ANSWERS: 8
  • Taste buds are cultivated by devious means.
  • I wish I knew but My 2 y/o son loves Mc donalds, ice cream, candy, and the such. I don't think its cultural at that stage.
  • your body will crave what it needs, we lazy modern humans just overindulge. The Amish don't eat 'healthy' and hardly ever suffer from high chol. or heart diesase or obesity, they do walk an avergae of 10,000 steps per day
  • The more starch we eat the more the body craves it, so I presume it is very similar with other food groups
  • I think we crave foods that make us gain weight. It's a survival mechanism, leftover from times when having extra body weight could save our lives during periods of time when we didn't have access to food.
  • All the animals are unwilling recruits in the scientific quest to understand appetite, a fundamental human drive whose complexities have long frustrated researchers and dieters alike. Craving and bingeing are anomalies in rodents, but they're common in people. Studies of eating behavior show that most men and women go on occasional eating binges and experience food cravings that feel overwhelming. Such findings should come as no surprise; eating is more important to an individual's survival than even sex, and it's in everybody's interest to make sure the urge to consume stays strong. If you're one of the millions trying to lose weight or lower your cholesterol, you know firsthand just how powerful a force appetite can be. In this land of plenty, where there's little chance of starving, our appetites have become downright dangerous. So researchers are studying rat junkies—and human subjects, too—in the hopes that a deeper understanding of appetite will yield strategies to obstruct it. The studies explore psychology as well as physiology because, as every dieter knows, appetite afflicts the mind as much as the body. Hunger and craving may originate in the flesh, but they manifest in that zone of consciousness where want and need are easily confused. To clarify the difference, it helps to distinguish between "brain hunger"—the mind's desire to eat for pleasure—and "stomach hunger"—the body's demand to eat for energy.

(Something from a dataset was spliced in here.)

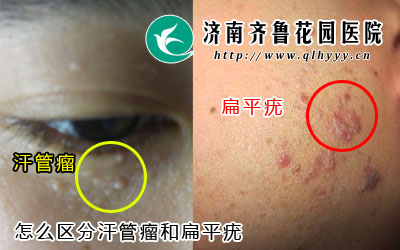 ��ô���ֺ������ͱ�ƽ�࣬������������������������Χ����ƽ��÷�����λ�������Ͷ�ͷ����ô������ֻ����������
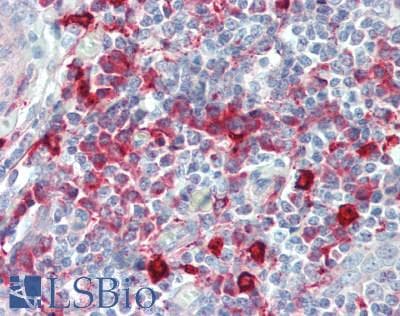 IHC-plus™ Polyclonal Rabbit anti-Human LGMN / Legumain Antibody (aa83-112, IHC, WB)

  • Come on now...Think about what it was we were eating back in the 1800's or any century for that matter...It all depends on what is available to us at that certain place in time, we just happen to live in an era of fast food, high starches, sweets, canned food for crying out loud and then you mix all of that with our life styles and the census on that is we think fast and move fast so we need fast, which translates into food we can eat on the go, which further translates into bad eating habits...That's my story and I am sticking to it LOL
  • i just read a magazine article today that said if a woman eats a high fat diet while pregnant, her child will grow up to have a big appetite and crave fatty foods, and consequently weigh more than they should. I'll write more when i find the magazine...there was an explanation I don't remember.